Il sociologo tedesco Hartmut Rosa ha indagato in profondità il significato della definizione dell’Occidente quale società dell’accelerazione: quella tecnica (nei trasporti e nelle comunicazioni), quella del cambiamento sociale e quella del ritmo della vita. Sulla base di questa idea, le analisi più generali della società contemporanea possono essere viste di fatto come altrettante varianti della teoria dell’accelerazione, dal momento che individuano un nesso causale diretto fra l’accelerazione tecnologica e la frenesia della vita quotidiana individuale e collettiva. Precisamente quanto avviene oggi nella nostra società istantanea imperniata sull’istantaneità della comunicazione a cui nessuno (a partire dai politici), resiste o si sottrae, e a conferma di come essa sia andata oltre l’etichetta di “postmoderna” – e, che sulla scorta di alcuni studiosi che hanno lavorato su questo stadio ulteriore della sua evoluzione (o involuzione…), possiamo qualificare come “post-postmoderna”. Il geografo David Harvey ha identificato proprio nella «compressione spaziotemporale» il nocciolo duro della postmodernità, che ha letto nei termini di una declinazione differente della modernità anziché di un suo superamento. Una “compressione” perché la storia del capitalismo è stata contraddistinta da un’accelerazione progressiva – diventata attualmente esponenziale – nella cadenza e nelle scansioni dell’esistenza, mentre lo spazio è parso restringersi e ridursi sino a dare vita a un “villaggio globale”.

Nell’attuale condizione post-postmoderna a dominare, giustappunto, è l’istantaneità, in ogni suo ambito, e innanzitutto nella dimensione temporale. Istante, dunque, come sinonimo in primo luogo di iperaccelerazione delle nostre esperienze, che tutti, infatti – e specialmente i più giovani – ci affanniamo a documentare senza sosta, e senza viverle pienamente per quanto siamo presi dalla smania di fissarle con la finalità di mostrarle agli altri, all’insegna di quella che potremmo considerare come la manifestazione di una “volontà di potenza” soggettivistica.
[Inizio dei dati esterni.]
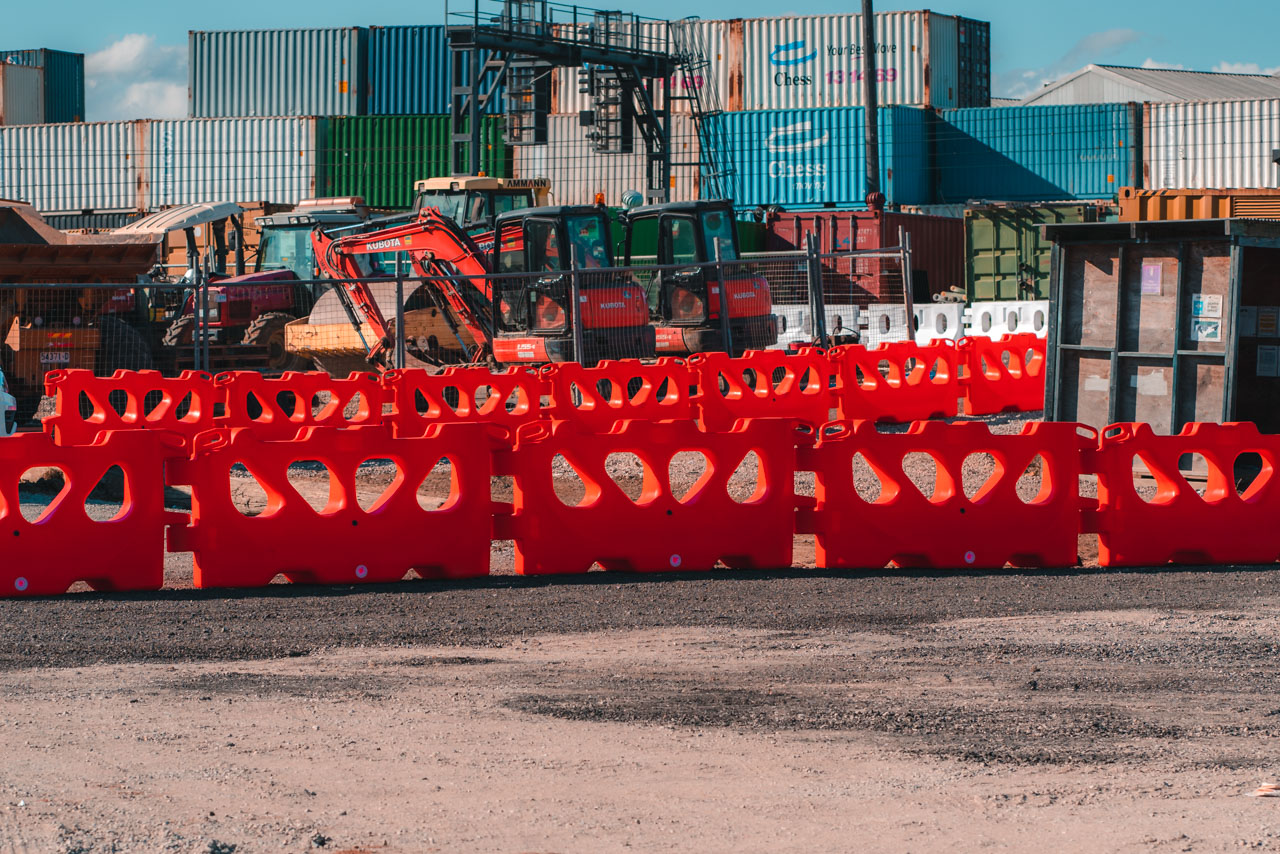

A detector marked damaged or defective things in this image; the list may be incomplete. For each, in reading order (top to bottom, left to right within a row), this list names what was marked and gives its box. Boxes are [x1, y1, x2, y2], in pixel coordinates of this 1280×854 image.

rusty shipping container [1120, 187, 1280, 222]
rusty shipping container [760, 207, 960, 300]
rusty shipping container [1048, 221, 1280, 434]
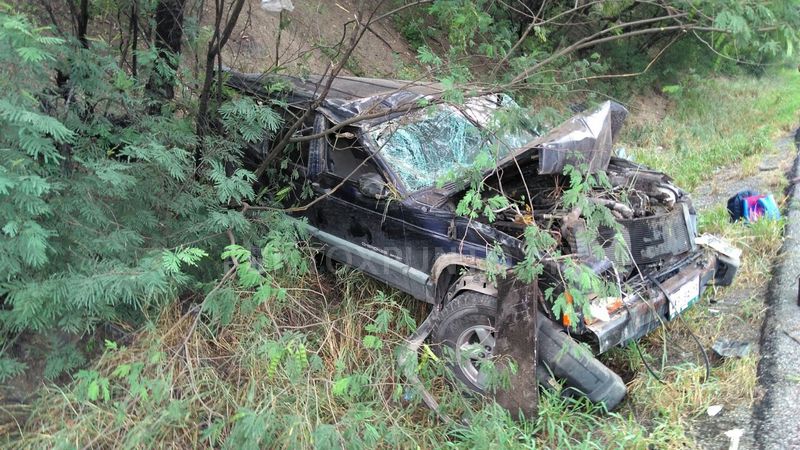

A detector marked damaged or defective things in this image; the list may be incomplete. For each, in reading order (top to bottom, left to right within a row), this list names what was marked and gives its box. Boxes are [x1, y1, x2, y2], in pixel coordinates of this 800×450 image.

shattered windshield [368, 96, 536, 191]
wrecked suv [228, 72, 740, 410]
crumpled front bumper [584, 237, 740, 354]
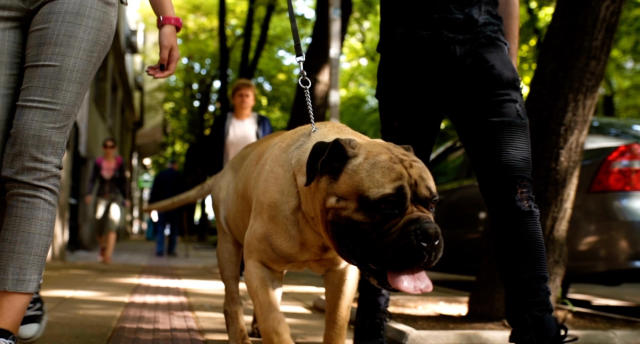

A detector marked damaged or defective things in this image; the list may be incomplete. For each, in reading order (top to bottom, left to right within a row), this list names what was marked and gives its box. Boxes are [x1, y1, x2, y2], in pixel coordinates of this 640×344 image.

black ripped leggings [356, 35, 556, 342]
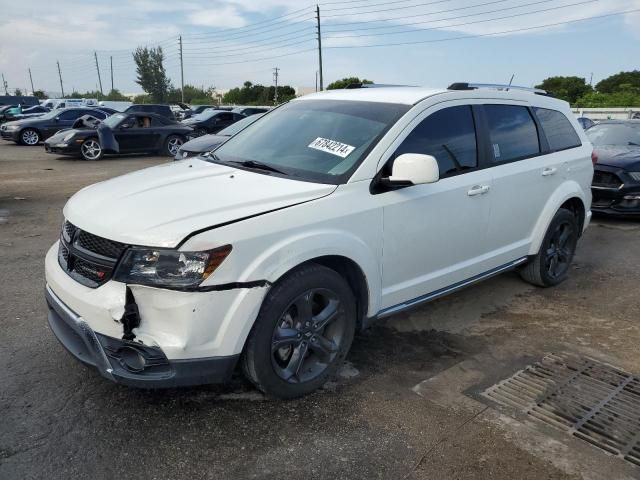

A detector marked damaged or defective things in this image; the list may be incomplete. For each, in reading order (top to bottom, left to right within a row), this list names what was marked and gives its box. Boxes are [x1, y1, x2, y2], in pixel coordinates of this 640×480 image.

cracked bumper [45, 286, 239, 388]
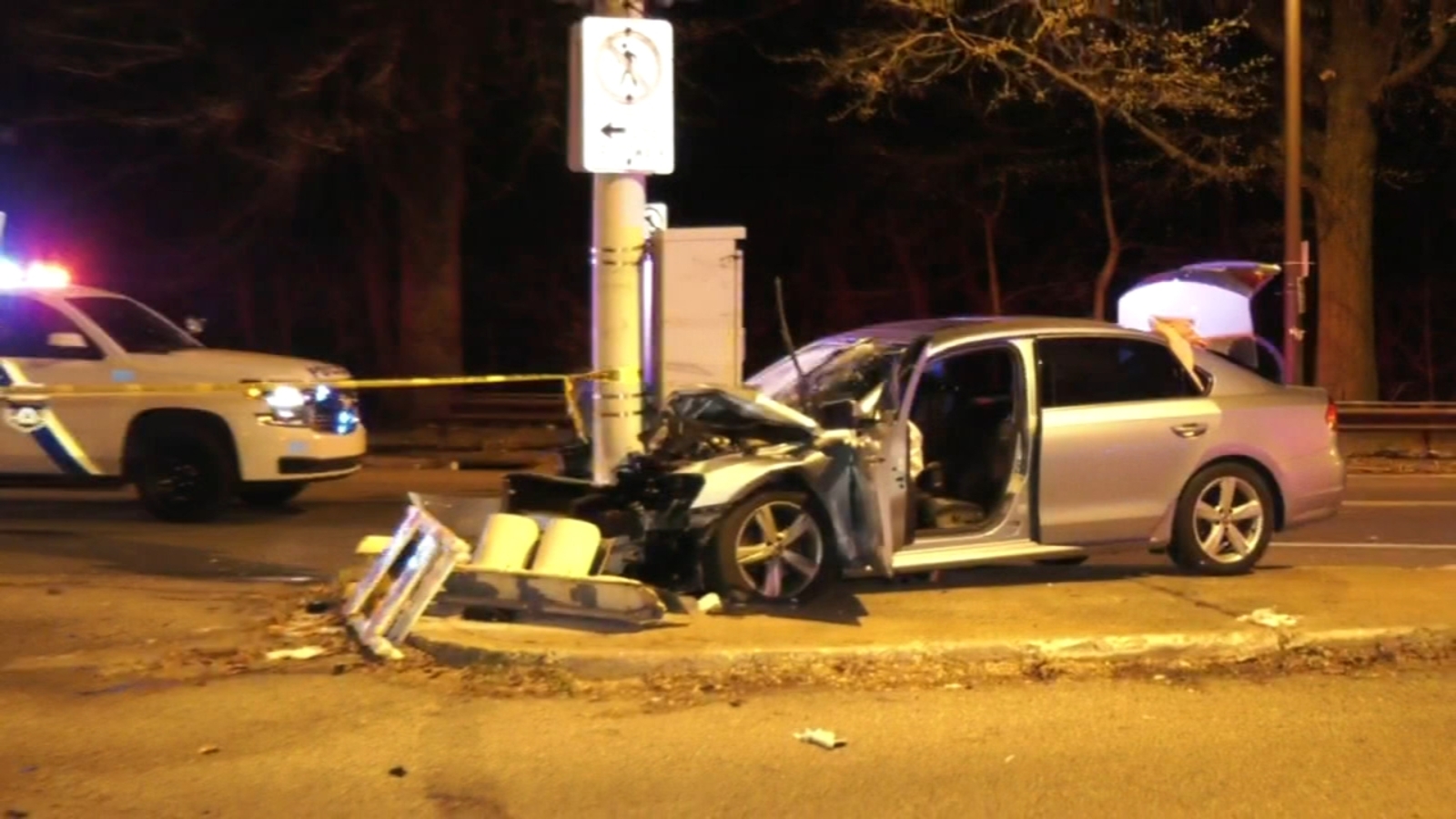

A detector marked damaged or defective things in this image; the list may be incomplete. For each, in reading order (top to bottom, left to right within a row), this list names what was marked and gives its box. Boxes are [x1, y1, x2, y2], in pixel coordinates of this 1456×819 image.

crumpled hood [136, 346, 353, 384]
crumpled hood [670, 388, 826, 439]
severely damaged silver sedan [348, 266, 1347, 644]
detached car door [1026, 333, 1223, 542]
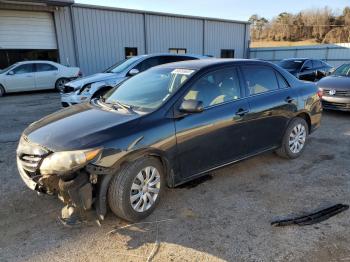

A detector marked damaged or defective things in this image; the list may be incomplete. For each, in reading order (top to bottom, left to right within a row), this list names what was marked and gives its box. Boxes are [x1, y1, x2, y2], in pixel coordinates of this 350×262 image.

broken headlight [40, 148, 102, 175]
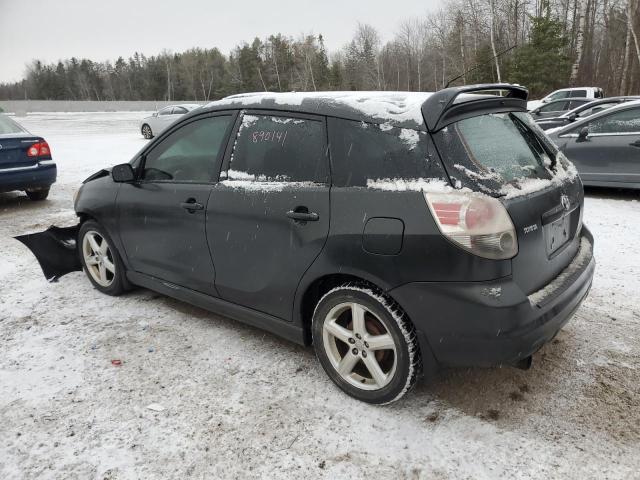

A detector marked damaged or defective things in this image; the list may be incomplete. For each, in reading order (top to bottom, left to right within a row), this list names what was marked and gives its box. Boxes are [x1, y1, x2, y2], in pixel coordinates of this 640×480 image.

damaged front bumper [15, 225, 81, 282]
La società istantanea è accompagnata da un ulteriore mutamento della concezione temporale, che si converte in quello che il filosofo belga Pascal Chabot ha chiamato l’«ipertempo» (Avere tempo. Saggio di cronosofia, Treccani). L’ipertempo impone l’accelerazione dei ritmi e la valutazione continua dei gradi di urgenza delle azioni: dentro questo schema la corsa non risulta mai abbastanza veloce, con l’esito che mai come in questa epoca “avere del tempo (a disposizione)” si rivela difficoltoso. Si tratta del «paradosso della pressione del tempo», ovvero il divario tra la quantità di tempo libero o discrezionale di cui effettivamente disponiamo e il nostro sentirci perennemente trafelati e sotto stress. L’ipertempo impone l’immediatezza, che prevede la riduzione del futuro, l’accorciamento dei processi, l’anticipazione dei tempi di consegna e la stessa maggiore “deperibilità” delle idee nella rapidità dei flussi comunicativi. Un’immediatezza che possiede il vantaggio della pronta reazione, ma proprio per questo risulta altresì contraddistinta da un grado minore di consapevolezza. In tale contesto trionfa appunto il presentismo, ed esiste solo lo stato presente, vale a dire una sequenza di istanti ed esperienze che si consumano nell’immediato e necessitano, pertanto, subito dopo, di altre ancora, da catturare con l’occhio-telecamera dello smartphone. E da rilasciare poi in mezzo agli sciami digitali che percorrono il web per la durata instant di un’immagine da scorrere su Instagram. «Nulla si crea, nulla si distrugge, tutto si trasforma», notò per primo Antoine-Laurent Lavoisier, destinato a diventare una vittima della prima accelerazione vorticosa della contemporaneità (la Rivoluzione francese del 1789). Mentre oggi nulla si sedimenta e resta, nulla si stratifica e consolida, e tutto si distrugge nel tempo di un istante.